**DATA PROVIDED**.
# # #
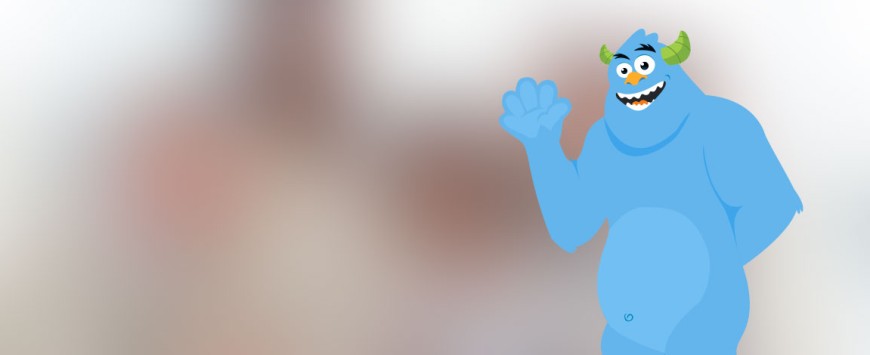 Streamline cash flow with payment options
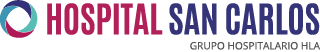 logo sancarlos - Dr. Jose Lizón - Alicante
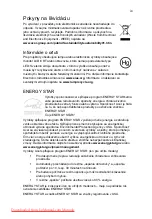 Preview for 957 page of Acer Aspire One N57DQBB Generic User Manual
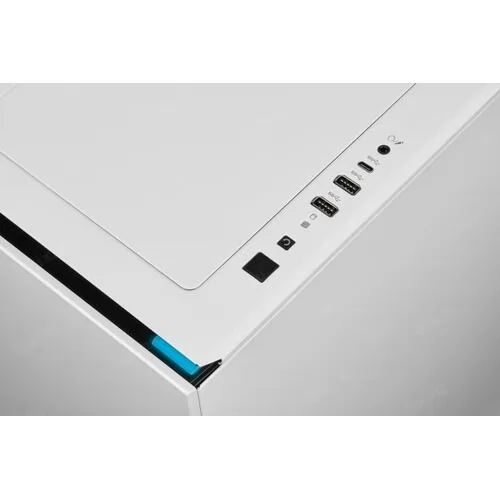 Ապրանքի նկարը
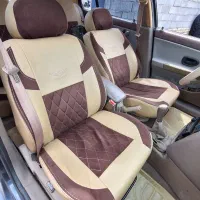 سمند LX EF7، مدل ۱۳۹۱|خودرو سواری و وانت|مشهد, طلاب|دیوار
# # #
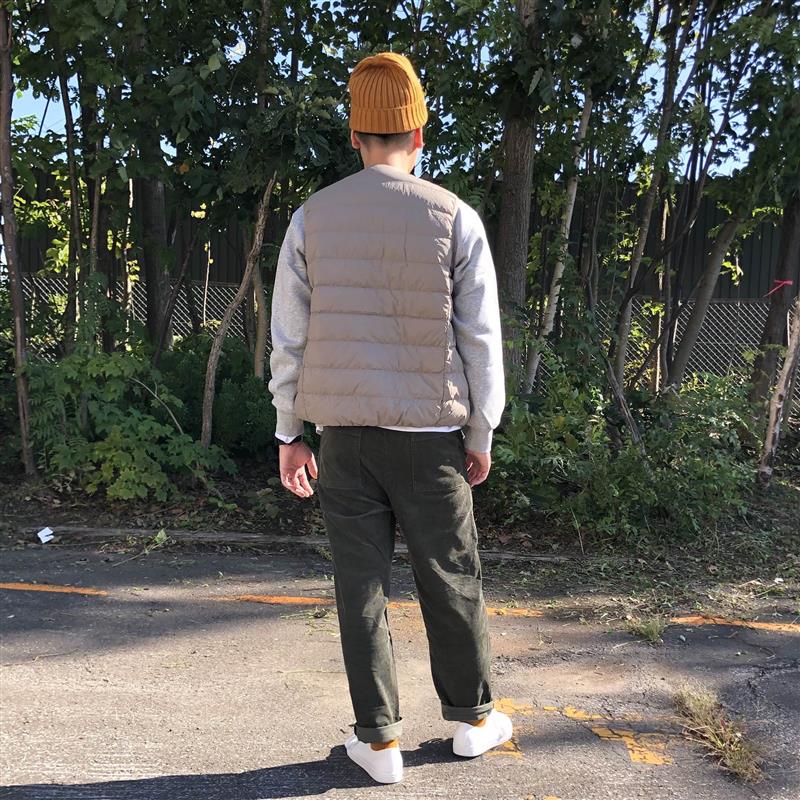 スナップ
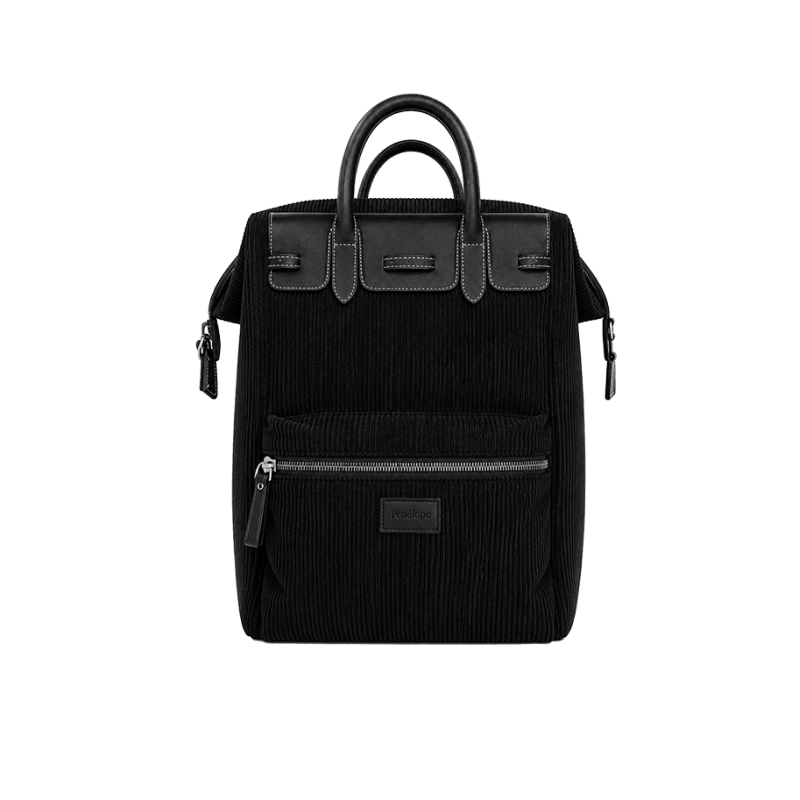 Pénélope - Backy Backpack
# # #
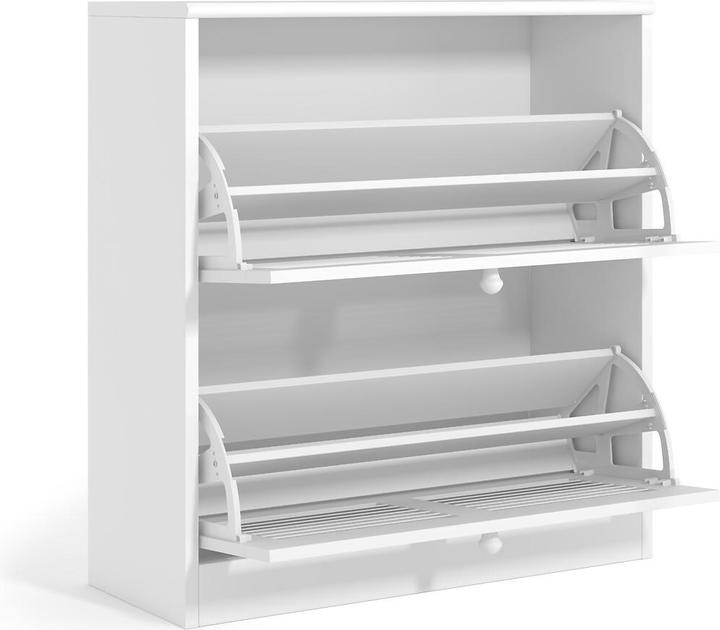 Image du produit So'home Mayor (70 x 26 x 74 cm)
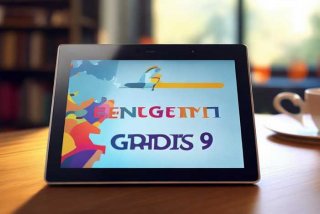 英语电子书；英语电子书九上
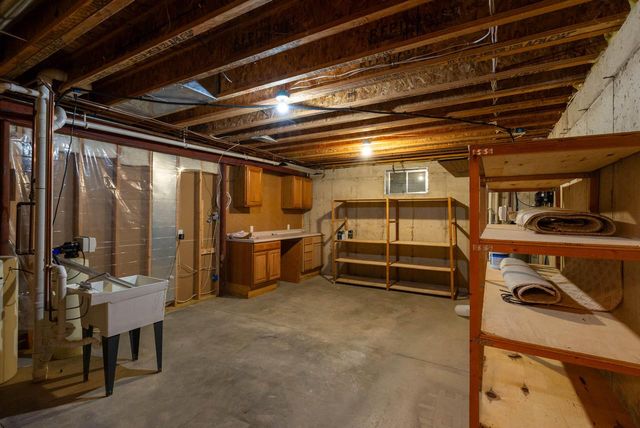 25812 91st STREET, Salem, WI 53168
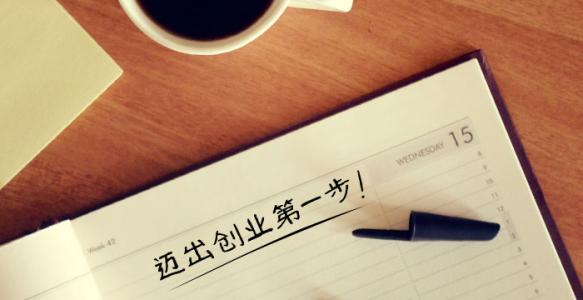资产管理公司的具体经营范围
# # #
Exact copy, pictures excluded: every line above from the one containing "logo sancarlos - Dr. Jose Lizón - Alicante" to the one containing "سمند LX EF7،", inclusive, and nothing more.

**YOUR RESPONSE**.
 logo sancarlos - Dr. Jose Lizón - Alicante
 Preview for 957 page of Acer Aspire One N57DQBB Generic User Manual
 Ապրանքի նկարը
 سمند LX EF7، مدل ۱۳۹۱|خودرو سواری و وانت|مشهد, طلاب|دیوار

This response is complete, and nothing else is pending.